Task requirements »
Print the data exactly. Omit the pictures.

The data »
★ ★ ★ ★ ★

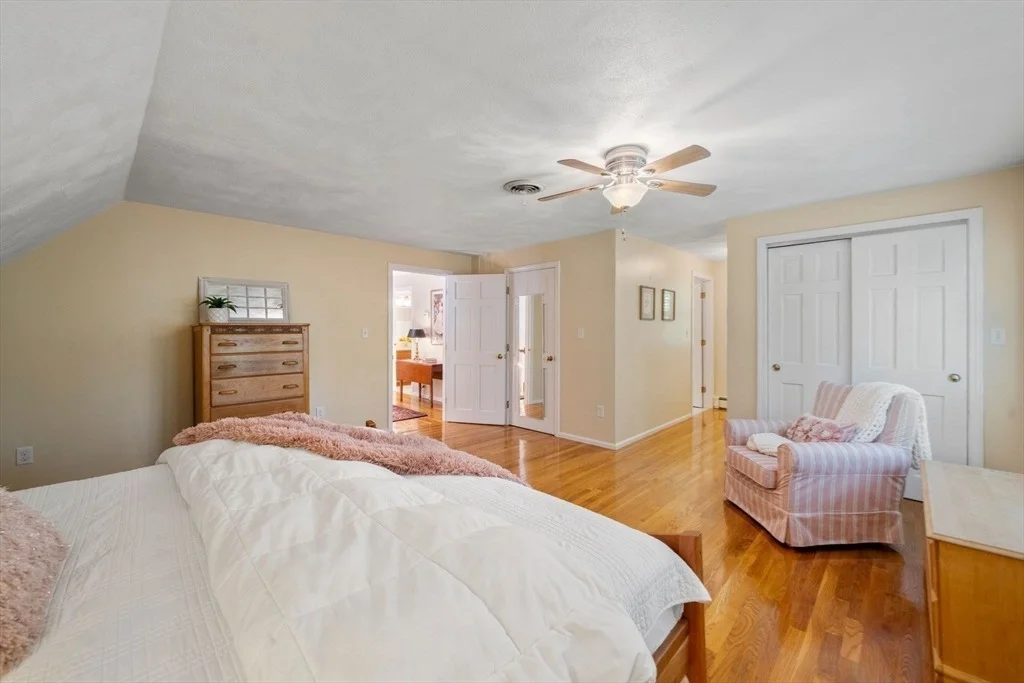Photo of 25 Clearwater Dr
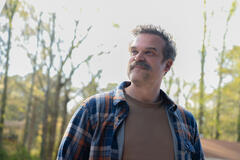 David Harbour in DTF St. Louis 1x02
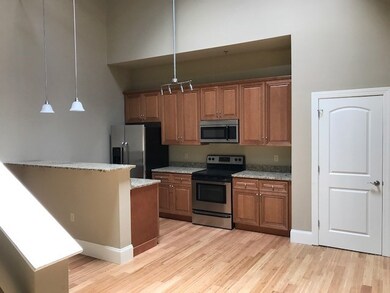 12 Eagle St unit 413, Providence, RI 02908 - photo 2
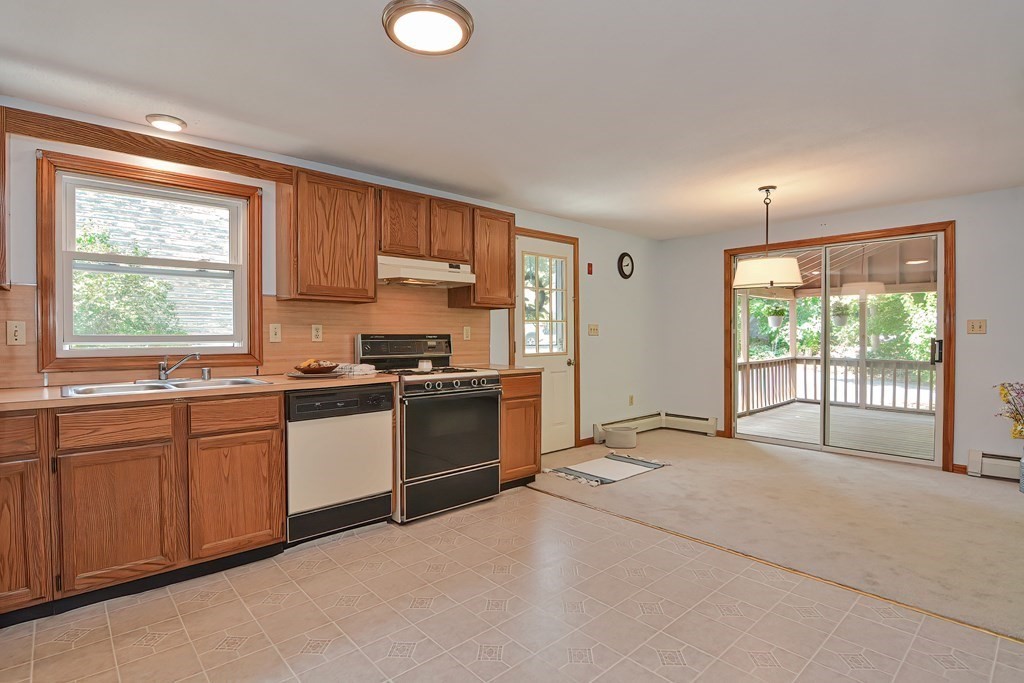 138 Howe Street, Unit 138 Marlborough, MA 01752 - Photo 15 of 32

★ ★ ★ ★ ★

Result of this task »
Photo of 25 Clearwater Dr
 David Harbour in DTF St. Louis 1x02
 12 Eagle St unit 413, Providence, RI 02908 - photo 2
 138 Howe Street, Unit 138 Marlborough, MA 01752 - Photo 15 of 32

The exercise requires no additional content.